Work required
Lines from the one holding "t17套装去哪里换（t14套装在哪换）" through the end of the entries, inclusive, form the whole output; reproduce them exactly and omit pictures.
----
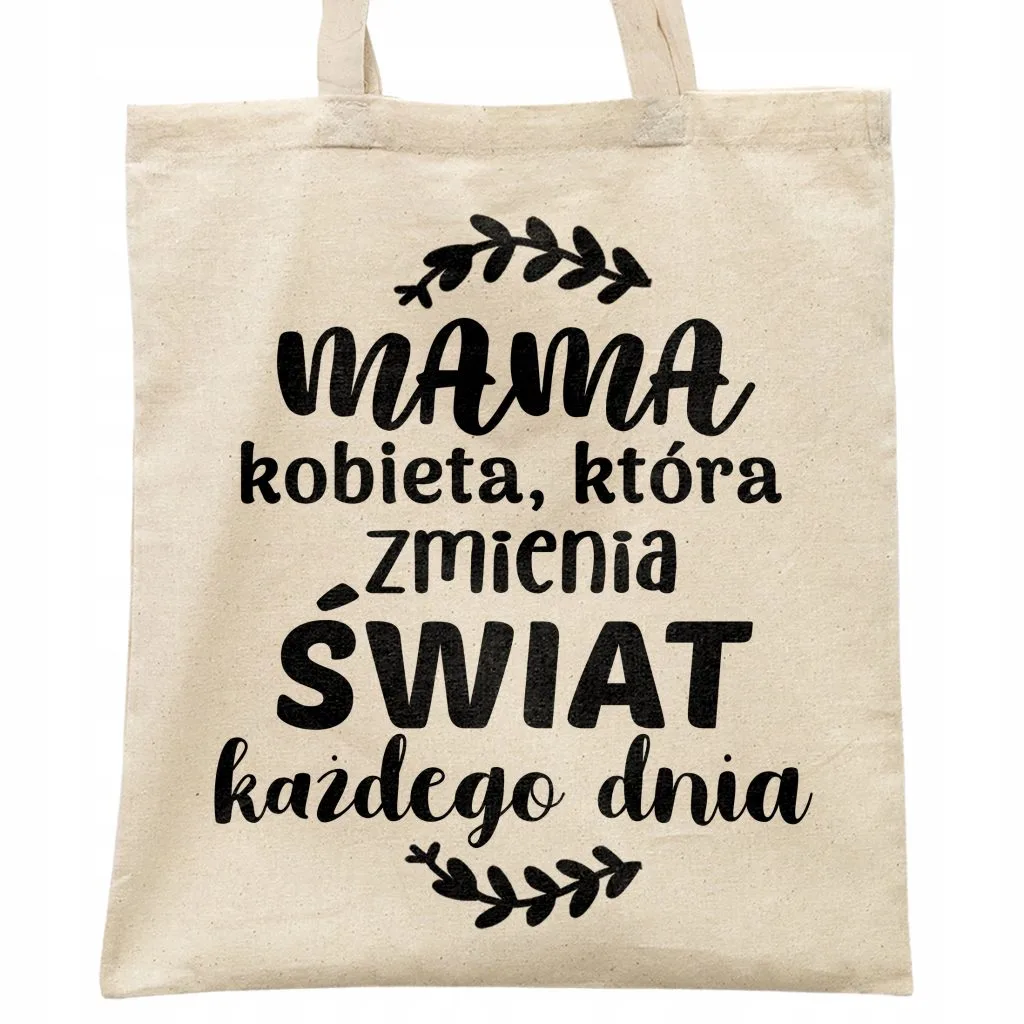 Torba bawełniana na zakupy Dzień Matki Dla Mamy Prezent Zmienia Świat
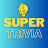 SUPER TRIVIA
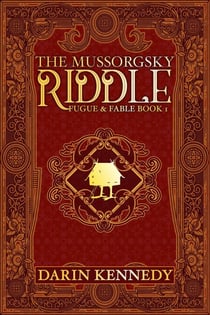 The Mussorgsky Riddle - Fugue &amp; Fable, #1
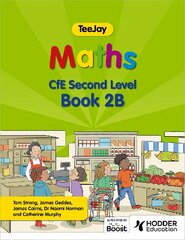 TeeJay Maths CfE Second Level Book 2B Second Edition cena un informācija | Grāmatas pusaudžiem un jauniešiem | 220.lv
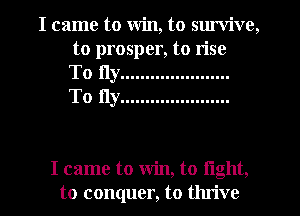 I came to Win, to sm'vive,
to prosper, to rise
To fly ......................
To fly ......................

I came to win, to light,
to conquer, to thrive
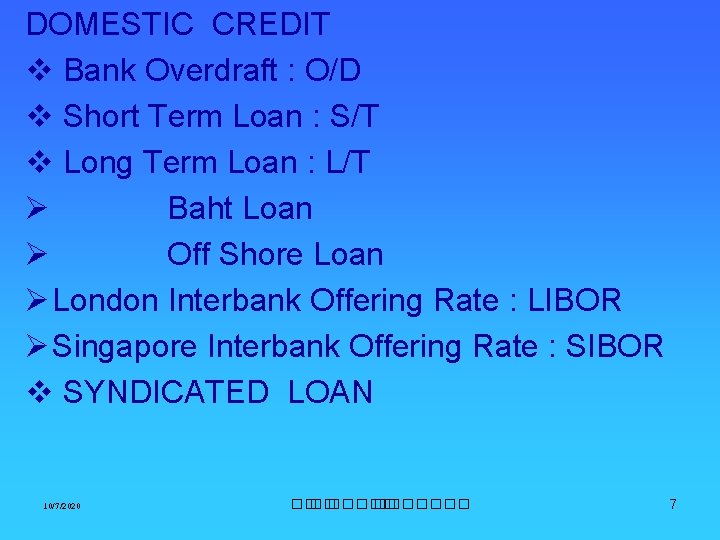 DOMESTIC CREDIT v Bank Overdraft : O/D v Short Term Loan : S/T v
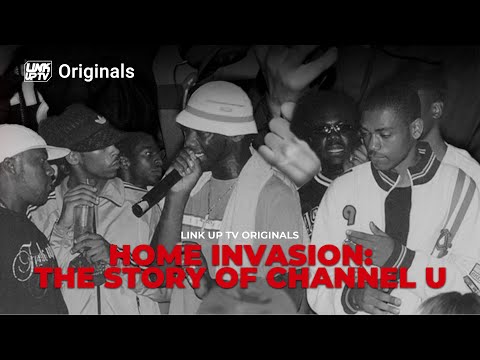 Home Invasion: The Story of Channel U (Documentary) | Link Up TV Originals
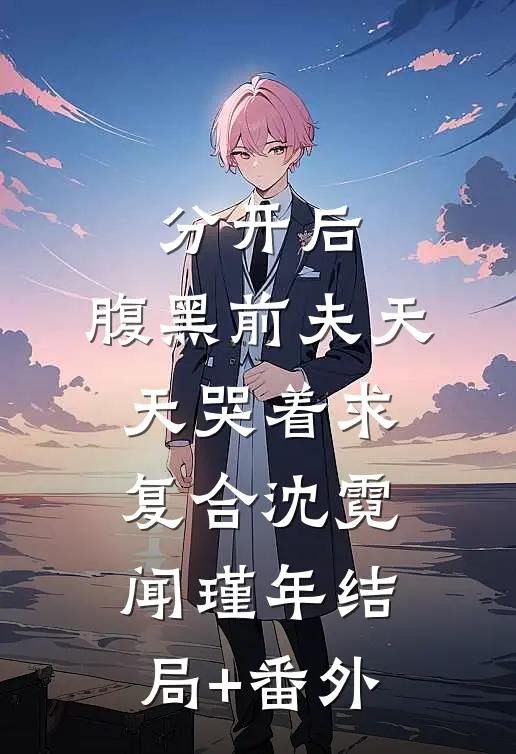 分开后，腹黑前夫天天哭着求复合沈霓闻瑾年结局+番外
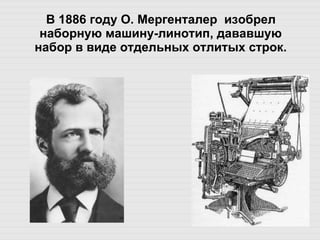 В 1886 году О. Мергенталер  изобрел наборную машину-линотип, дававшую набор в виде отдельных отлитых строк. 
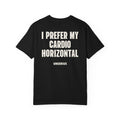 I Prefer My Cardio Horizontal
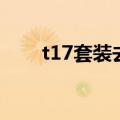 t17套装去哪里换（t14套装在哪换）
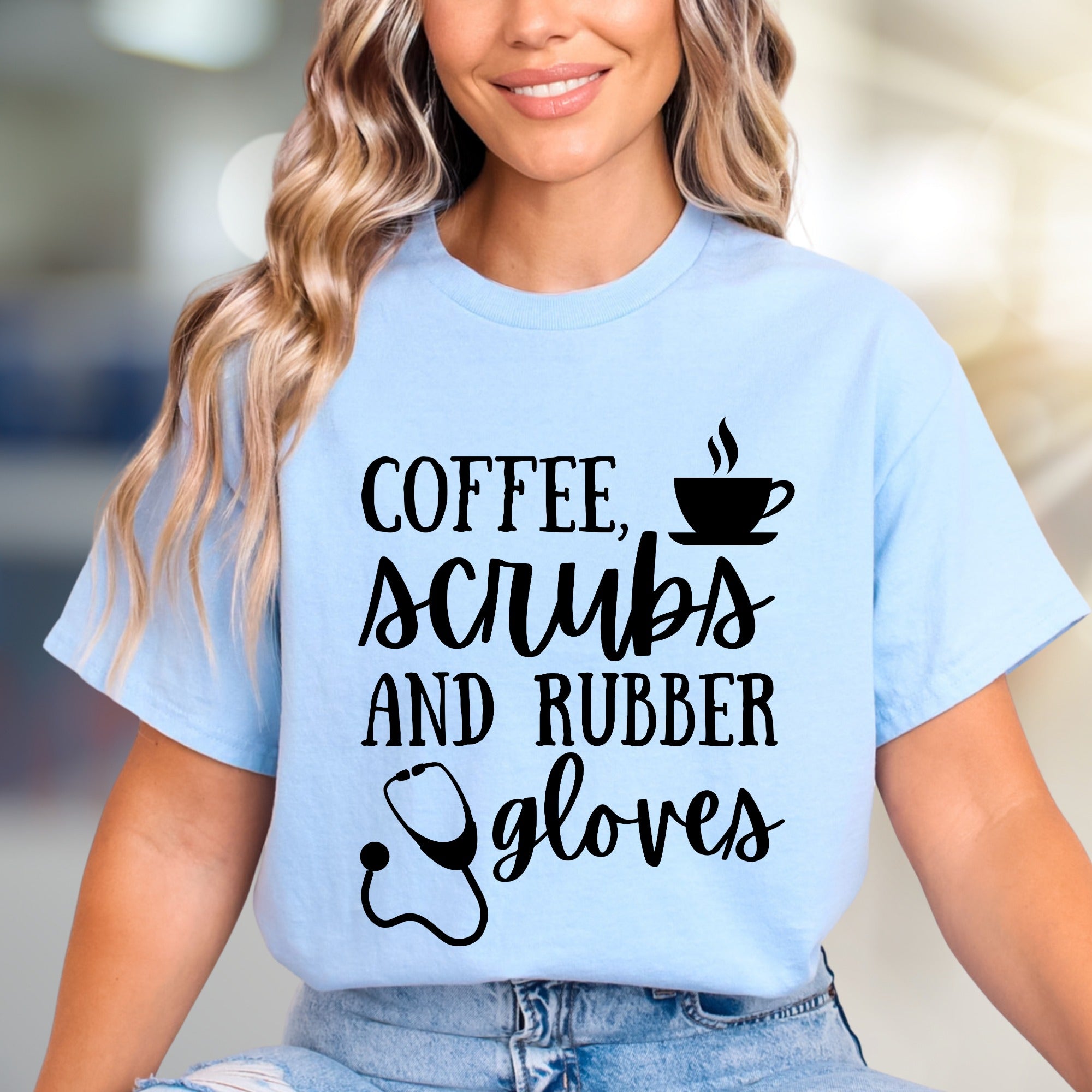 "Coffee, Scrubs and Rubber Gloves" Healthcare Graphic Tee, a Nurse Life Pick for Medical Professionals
----
Written solution
 t17套装去哪里换（t14套装在哪换）
 "Coffee, Scrubs and Rubber Gloves" Healthcare Graphic Tee, a Nurse Life Pick for Medical Professionals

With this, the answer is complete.